Sometimes, it can be as simple as a crumpled-up piece of paper, or it can be samples of the food you’ll be using in your main image. A stand-in allows you to fully construct your tabletop scene without wasting time with a freshly cooked dish. You might still make changes to your setup after the food is prepared, but using a stand-in will help get you about 90% of the way there.
Food photography tips apply to uncooked foods as well. If you’re photographing something that doesn’t need to be cooked, such as a bowl of fruit, you’ll still want to make sure it hasn’t been sitting out too long. Uncooked food will last longer on set, but in time it will start to look sad and withered. One trick I use to make sure fresh fruits and vegetables look fresh is to spritz them with a fine mist to add small water droplets. This helps them look fresh and clean for the camera.
Tip #2. Make It Colorful
Let’s be honest: Some food doesn’t look entirely appetizing on its own. When you have a lot of browns and oranges in your dish, it can easily start to look mushy and blah. Whenever I photograph food that might not have an appeal all on its own, I make sure to add a colorful garnish to balance it out. Sometimes all it takes is green herbs or vegetables to improve the look of a food photograph.
In the above image, I had a nicely wrapped enchilada, but the browns and oranges were very similar to each other and didn’t look fresh. The tablecloth is a nice color, and the blue contrasts well with the meal, but this dish still needed garnishes to make it look more appetizing. To improve it, I added green onions and Cotija cheese on top of the enchilada and garnished it with cilantro and lime wedges.
A pulled pork sandwich, on its own, is brown and bland-looking. If you’ve ever eaten one, though (or have enjoyed a delicious and tangy barbeque sauce) you know that the flavor is far from boring. Still, the colors in this image needed some improvement. So, I added freshly made coleslaw as a garnish on top of the pork inside the sandwich, giving the image a bright and colorful appeal.
On its own, shrimp can look colorful and delicious. But when photographed, if it has nothing to balance it out, it will be a sea of pink and white. For this food setup, I decided to add elements of green by integrating green onions within the sauce and between each shrimp to make sure the pinkish color of the image wasn’t overpowering.
Food Photography Tip #3. Add Movement
Food photographs are typically considered still life images, but I like to make my photos come to life by implementing movement in the scene. This can be done with utensils, hands, or even with the cooking process. I bet you didn’t expect to find action shots included in a list of food photography tips.

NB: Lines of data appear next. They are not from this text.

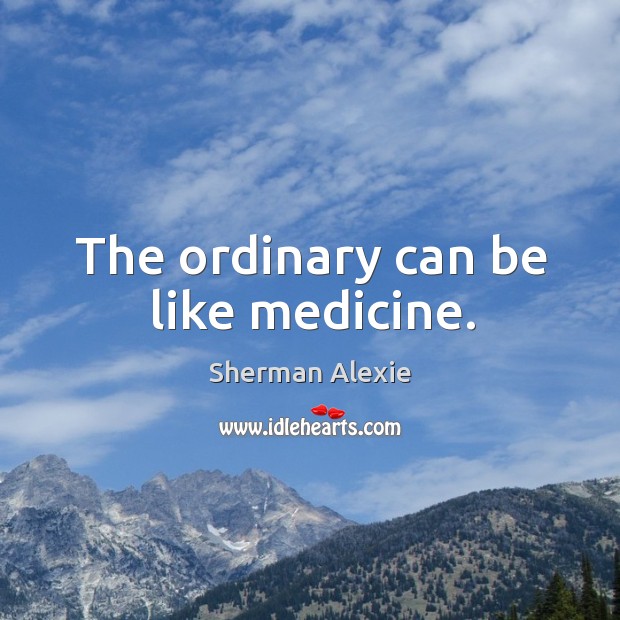 The ordinary can be like medicine. Sherman Alexie Picture Quote
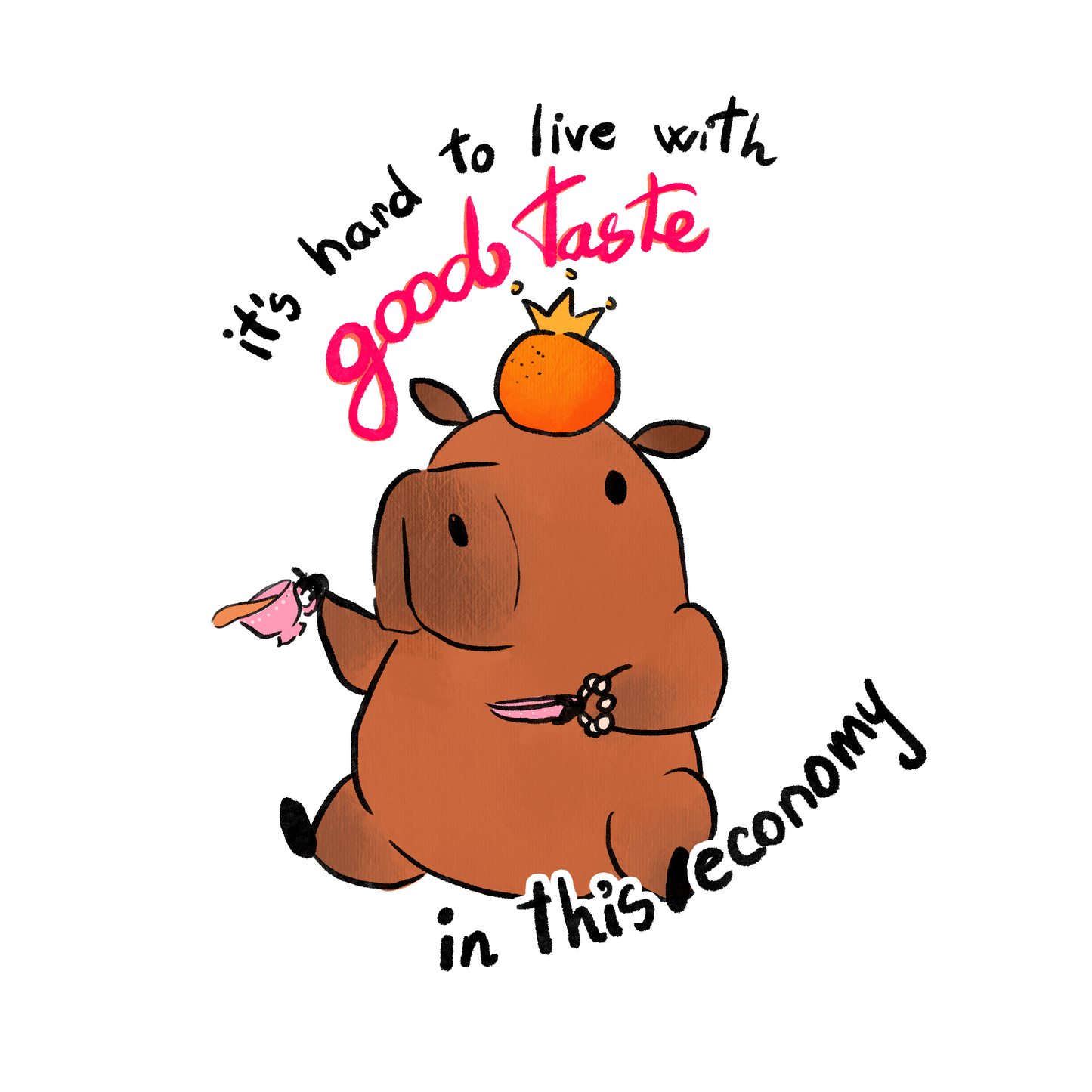 Good Taste Capybara sticker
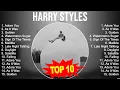 Download Lagu Top Hits Harry Styles 2023 ~ Best Harry Styles playlist 2023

The series of photos I created with this setup consisted of several still life photos of a cheese plate with jam and honey. I first created as many still images as I required, and then I was able to have some fun with the food! To add an element of life and movement, I used the honey dipper to drip honey on a plate with cheese on it, implying that there was a hand off-camera doing the action.
In this photo, however, I used a piece of photographic equipment called a magic arm and positioned it so it would be perfectly composed for this setup. To add movement, I raised the small jar of honey to coat the honey dipper, then took several photos to capture different stages of the drips.
One of the many culinary pleasures I love is a perfectly poached egg. With this image of Eggs Benedict, the first shot looks good, but it’s definitely missing something. After I was certain I had the best composition, lighting, and setup, I used a knife to make a small slit in the egg, allowing it to drip and run down the food and onto the plate. This movement makes the photo look delectably messy and inviting.
Another way to add movement to a photo is to use the elements involved in the cooking process. This pile of asparagus is cooking on a grill and the wood is adding smoke to the surrounding area. I took advantage of the atmosphere surrounding the food and photographed it head-on to capture the smoke filling the scene.
Tip #4. Use Small Dishes
One trick I use when photographing nearly any plate or bowl of food is to use a dish that’s a bit smaller than I would use in real life. Unless it’s a design choice (such as a chef-plated meal with a large white plate, for example), you’ll want to make sure there’s not a lot of excess plate or bowl space left over in your scene. This helps fill the scene and make the food look big and beautiful.
In the above image, the items I was photographing were quite small. I wanted to place only a few items on the plate, but I also didn’t want there to be too much excess plate surrounding each item. Instead, I opted for a small plate (roughly 4 to 5 inches wide) so that I could easily zoom in on the food without being overwhelmed with the plate.
Sometimes, you’ll want to showcase a standard-sized dish of food, but you’ll want to make it look big and appetizing. For this setup of a traditional Thai noodle dish, I used a very small bowl. This makes the greens and other garnishes look large and delicious.
Set the Scene
It’s good practice to set up your scene as you would if you were going to sit down and eat. I like to add elements to the background that make sense, such as a beverage, utensils, and napkins. Occasionally, I add full plates of food in the background to mimic a table setting for multiple diners.
What you want to avoid is adding uncooked items, such as uncut bell peppers or a head of garlic. Adding dishes in the background adds to the reality of the food setup and makes the photo feel more inviting.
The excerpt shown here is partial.